A kinetic approach to studying low-frequency molecular fluctuations in a one-dimensional shock

Abstract

Low-frequency molecular fluctuations in the translational nonequilibrium zone of one-dimensional strong shock waves are characterized for the first time in a kinetic collisional framework in the Mach number range 2 ≤ M ≤ 10. Our analysis draws upon the well-known bimodal nature of the probability density function (PDF) of gas particles in the shock, as opposed to their Maxwellian distribution in the freestream, the latter exhibiting two orders of magnitude higher dominant frequencies than the former. Inside the (finite-thickness) shock region, the strong correlation between perturbations in the bimodal PDF and fluctuations in the normal stress suggests introducing a novel two-bin model to describe the reduced-order dynamics of a large number of collision interactions of gas particles.

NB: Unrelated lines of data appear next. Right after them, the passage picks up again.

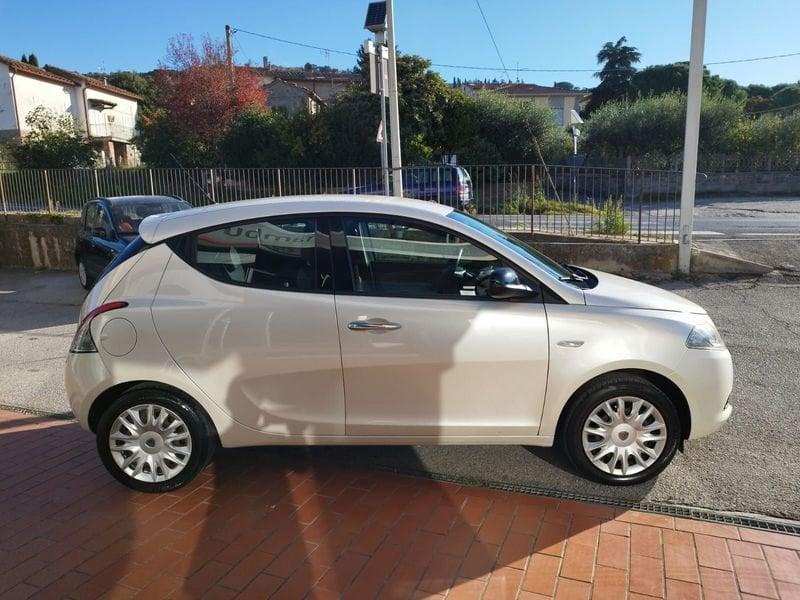 Lancia Ypsilon Ypsilon 1.2 69 CV 5 porte S&S Silver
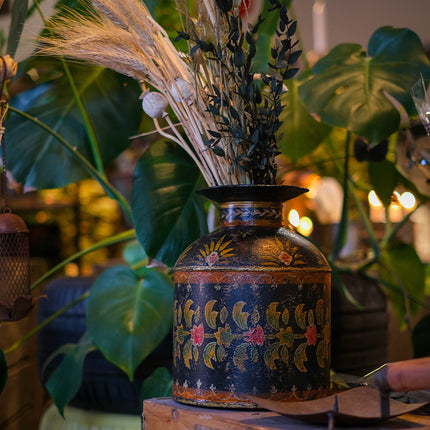 Handmålad metallkruka - svart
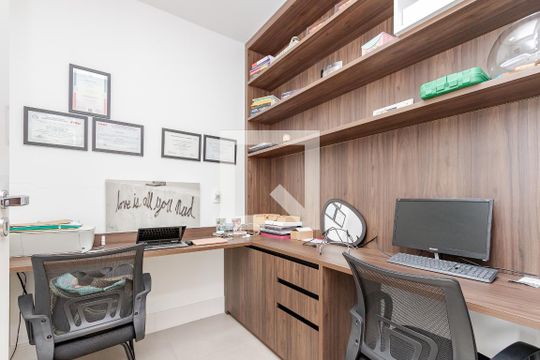 Apartamento à venda com 3 quartos e piscina no condomínio. — Escritório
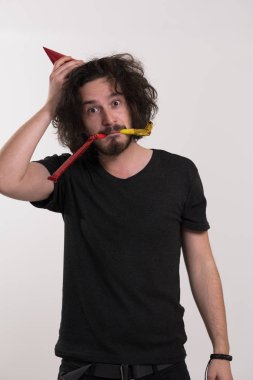 Adam içinde düdük üfleme parti şapkası ile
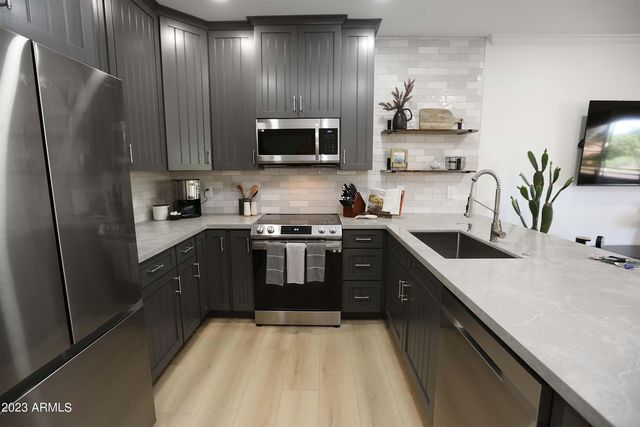 7009 E ACOMA Drive 2050, Scottsdale, AZ 85254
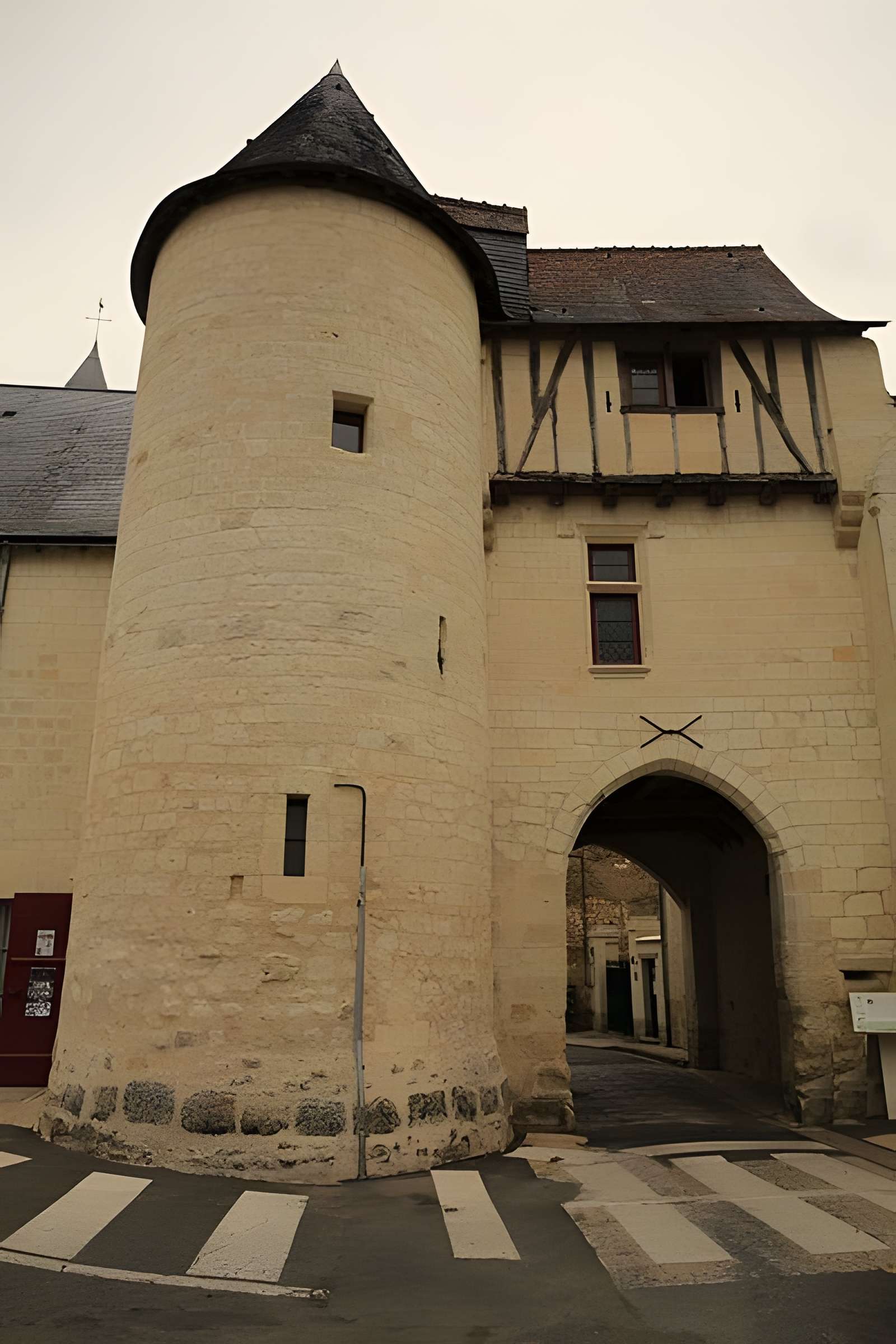 Porte fortifiée de Saint-Épain 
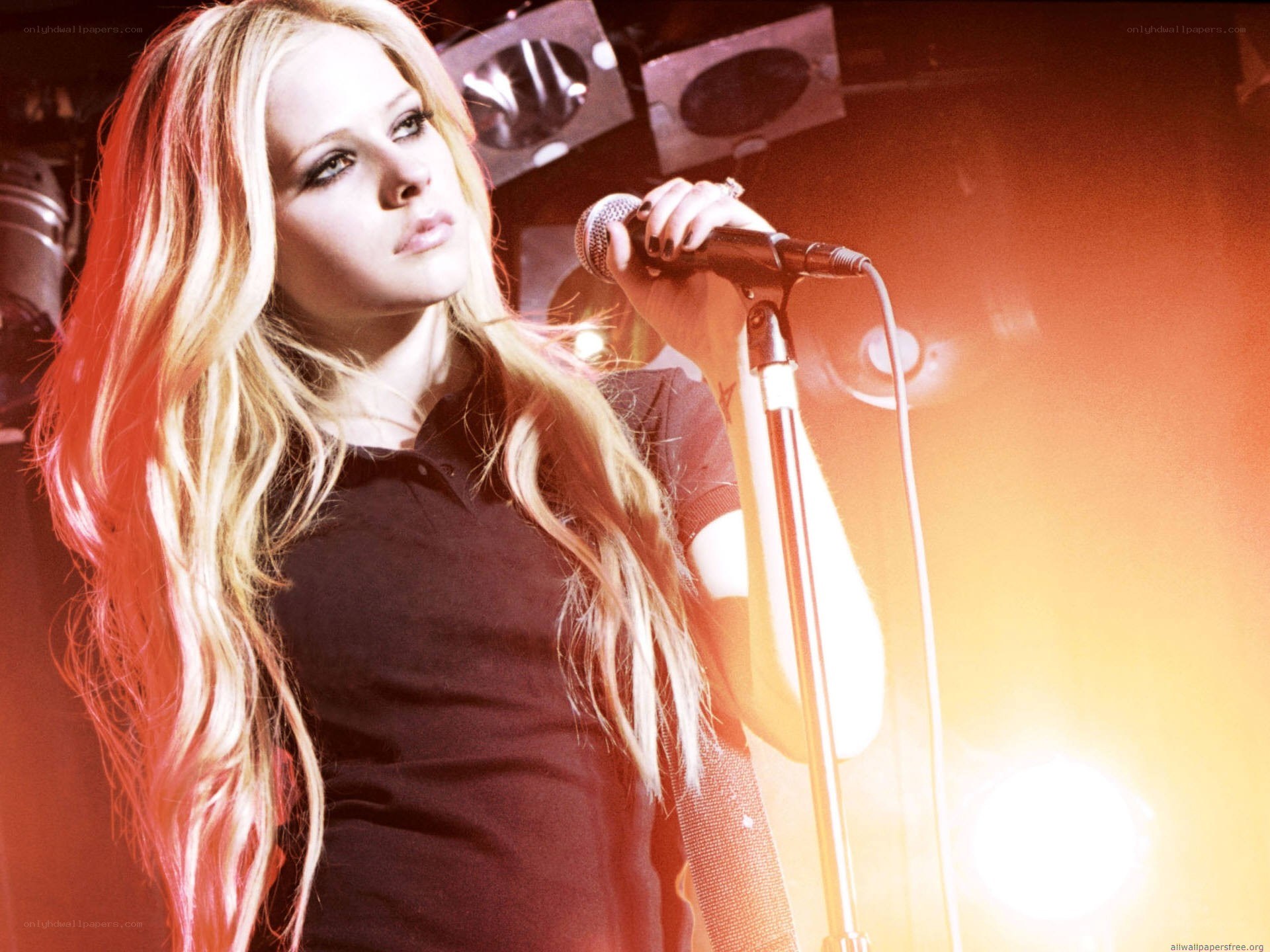 Avril Lavigne singing on stage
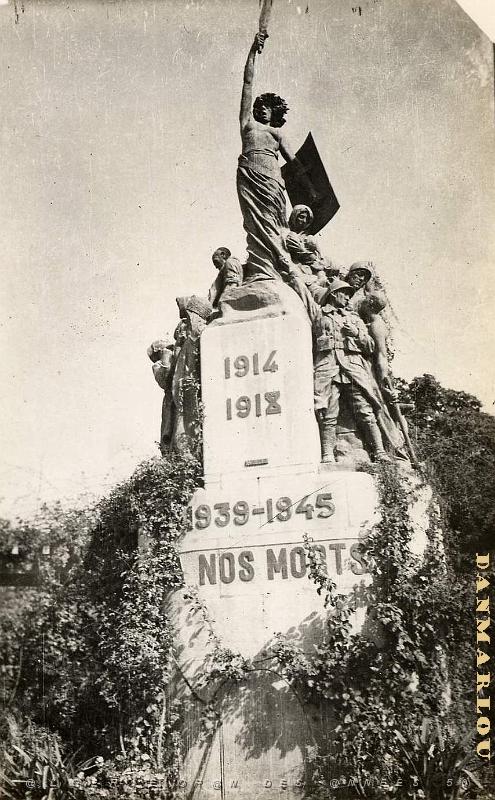 Saida 526- Monument aux morts COLLECTION DES AMIS DE ND DE SANTA CRUZ.jpg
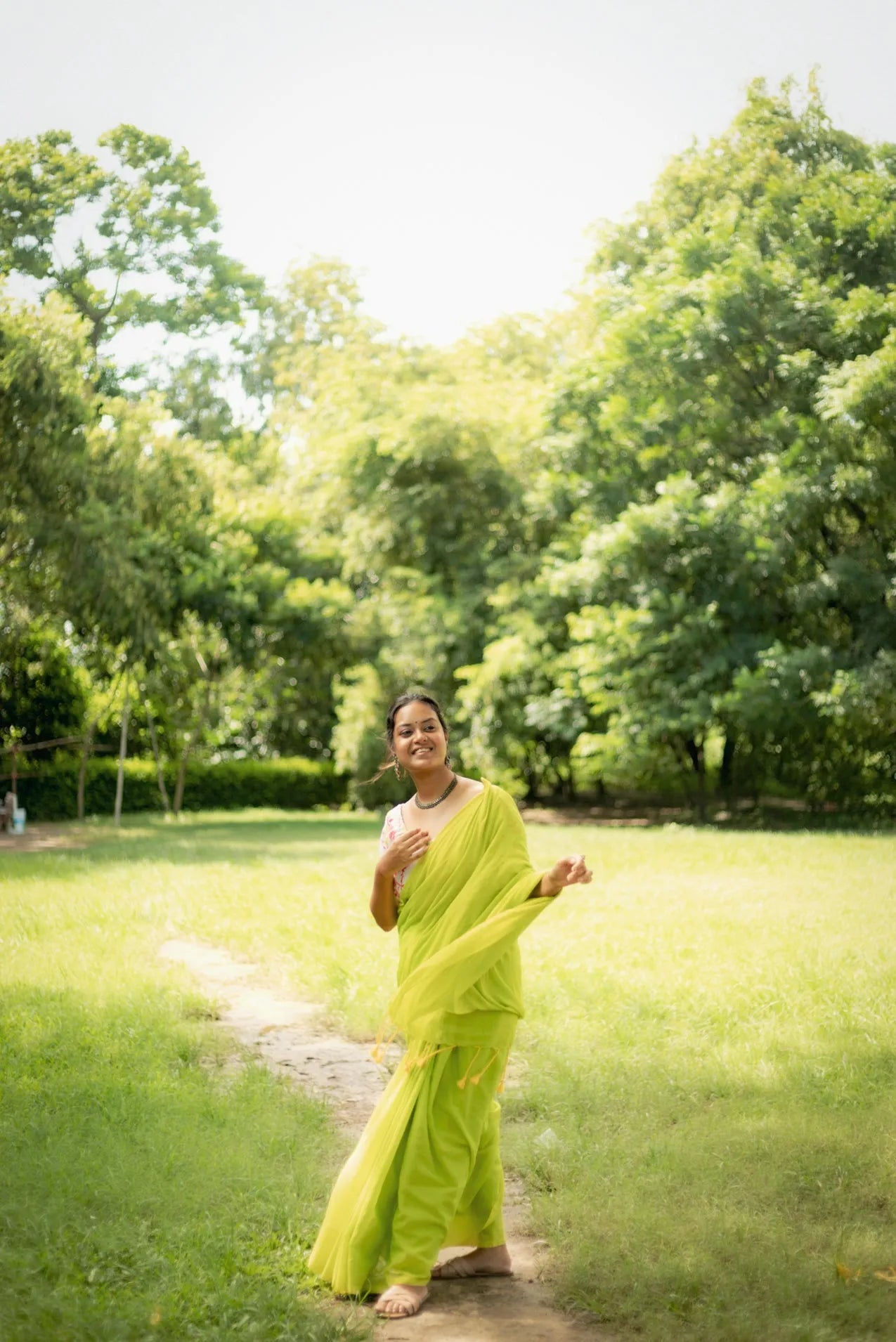 Lemon Green Khadi Saree With Floral Print Blouse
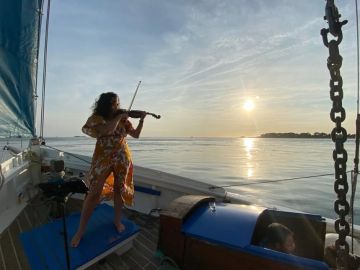 Et n'oubliez pas nos sorties exceptionnelles en soirée avec apéritif  avec une harpiste les lundis  ou une violoniste les vendredis !...
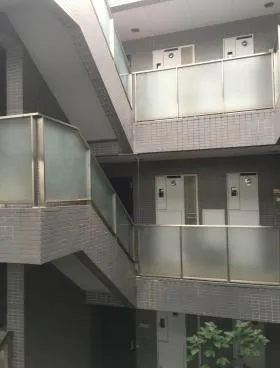 カームコート初台の外観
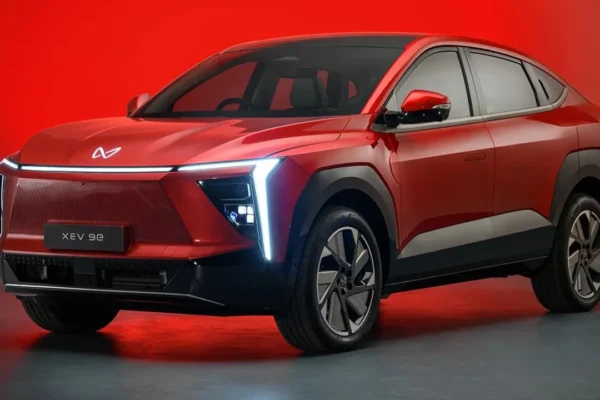 Mahindra XEV 9s EV Car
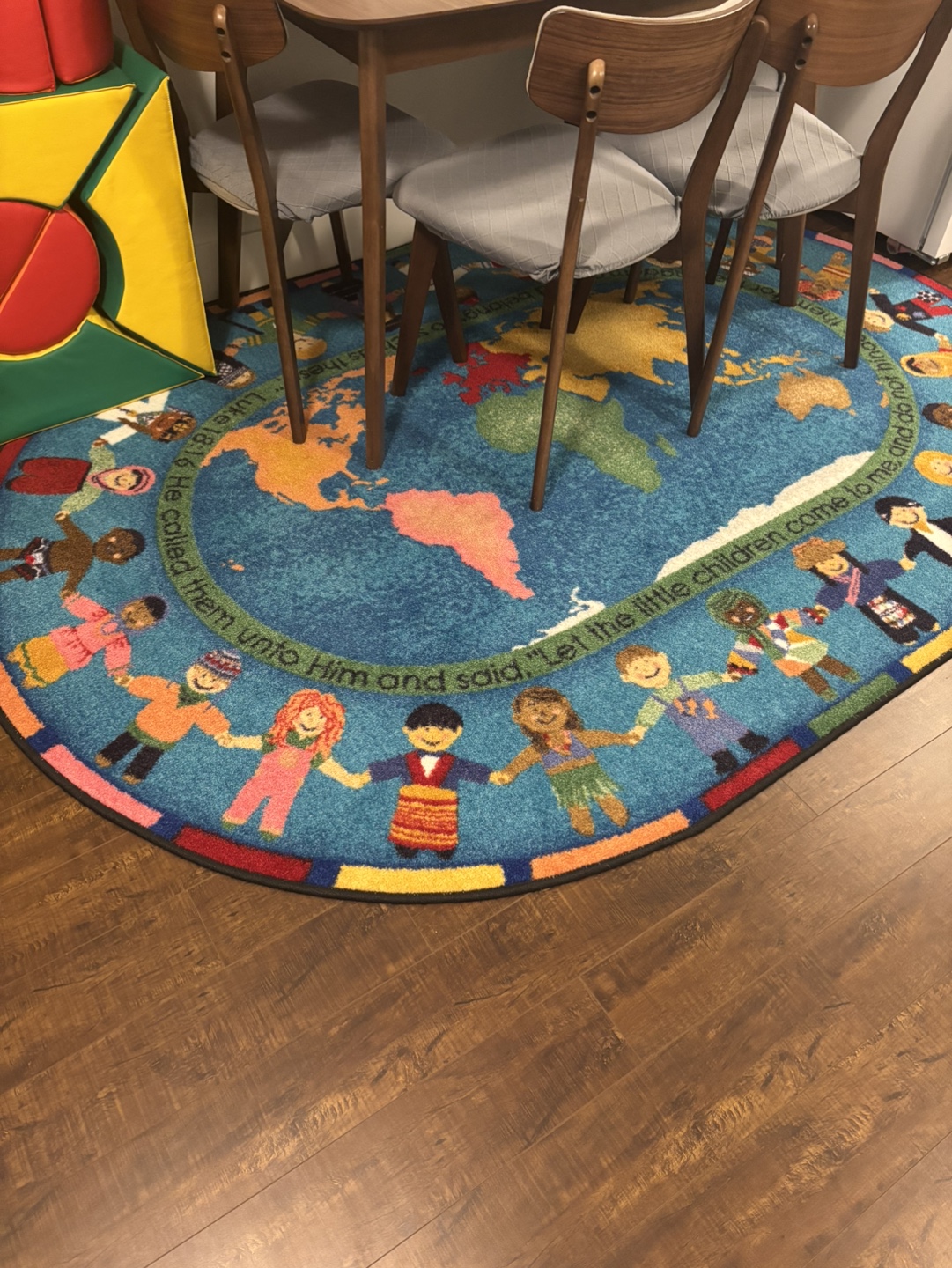 Children's World Map Rug - photo 2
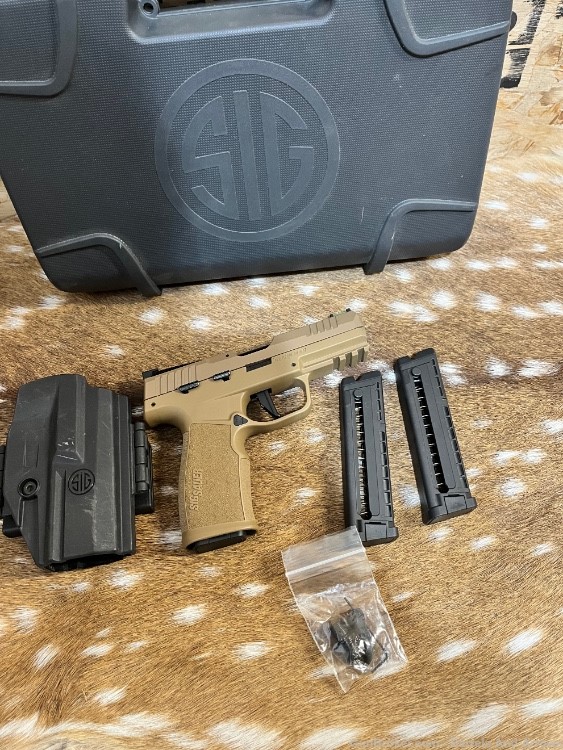 Sig Sauer P322 22LR Coyote Tac Pak with holster and 3-20 rnd mags Used -img-0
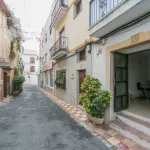 Local comercial con almacén en el centro histórico del casco antiguo de Calpe 1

Our model correctly predicts two orders of magnitude differences in fluctuation frequencies in the shock vs those in the freestream and is consistent with the small-amplitude fluctuations obtained from the highly resolved direct simulation Monte Carlo computations of the same configuration. The variation of low-frequency fluctuations with changes in the conditions upstream of the shock revealed that these fluctuations can be described by a Strouhal number, based on the bulk velocity upstream of the shock and the shock-thickness based on the maximum density gradient inside the shock, that remains practically independent of Mach number in the range examined.